Pronunciation: /flin(t)SH/

verb

[no object]
1Make a quick, nervous movement of the face or body as an instinctive reaction to surprise, fear or pain: she flinched at the acidity in his voice he had faced death without flinching
More example sentences
  • Dawn flinched at the pain but attempted to ignore it.
  • He softly brushed over the gash in my face, I flinched at the pain.
  • I flinched at the unanticipated pain that surfaced suddenly.
Synonyms
wince, start, shudder, quiver, jerk, shy
1.1 (flinch from) Avoid doing or becoming involved in (something) through fear or anxiety: I rarely flinch from a fight when I’m sure of myself
More example sentences
  • He did not flinch from speaking his mind.
  • Campbell's loyalty to Blair has never wavered and he has never flinched from confronting the journalists or newspapers who dared to stand in the way of the New Labour experiment.
  • While a lot of people didn't mind doing the laundry, many flinched from ploughing through piles of ironing.
Synonyms
shrink from, recoil from, shy away from, swerve from, demur from;
dodge, evade, avoid, duck, balk at, jib at, quail at, fight shy of

noun

[in singular]
An act of flinching: “Don’t call me that,” he said with a flinch
More example sentences
  • Even an alarm clock buzzing right beside her head or a horn blowing near her ear wouldn't make her twitch or cause even the slightest flinch.
  • He felt her hand clasp on top of his, but he didn't move his, not even a flinch as she touched.
  • She painlessly moves back and forth from fiddle to guitar, singing to whistling, without so much as a flinch.

Derivatives

flincher

Pronunciation: /ˈflin(t)SHər/
noun
Example sentences
  • The flincher is the loser (This is why Jerrie needs to practice more.

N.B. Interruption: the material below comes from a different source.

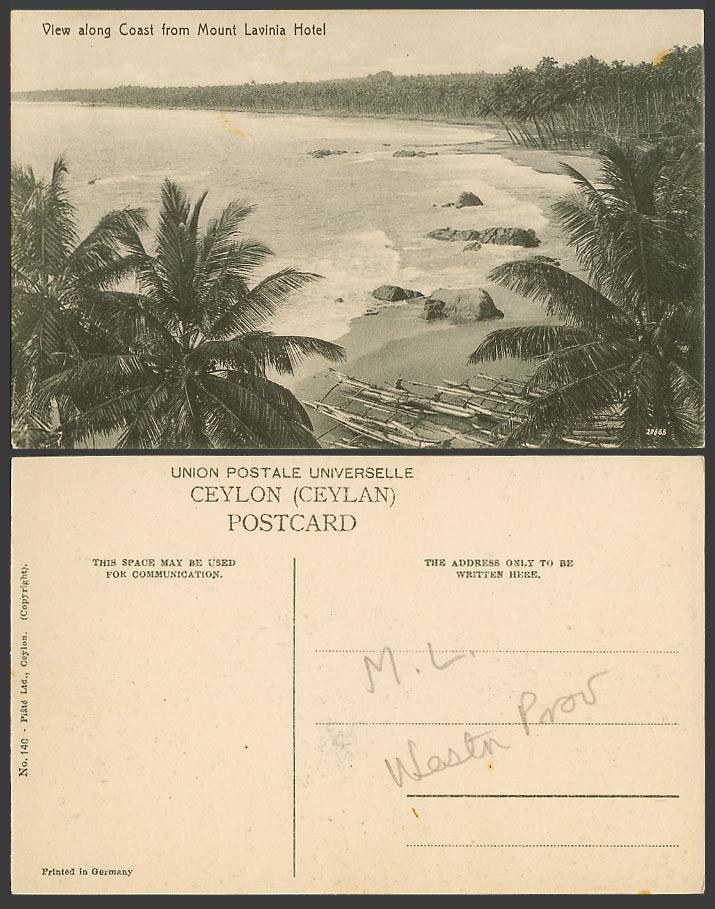 Ceylon Old Postcard View Along Coast from Mount Lavinia Hotel, Beach Boats Palms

She’s a flincher).
  • Luckily for me, I'm not a flincher when it comes to needles.

flinchingly

adverb
Example sentences
  • For any of you who have sat university finals, or academic finals at any level, I am sure the scene is flinchingly familiar. ‘Tis the season, however, and next month a lot of lives, careers and hopes will take a turn for the better or the worse.
  • She walks to me, slowly, flinchingly, and let's me engulf her in a hug.
  • He had said it sort of flinchingly, knowing I was a Mormon.

Origin

Mid 16th century (in the sense 'slink or sneak off'): from Old French flenchir 'turn aside', of West Germanic origin and related to German lenken 'to guide, steer'.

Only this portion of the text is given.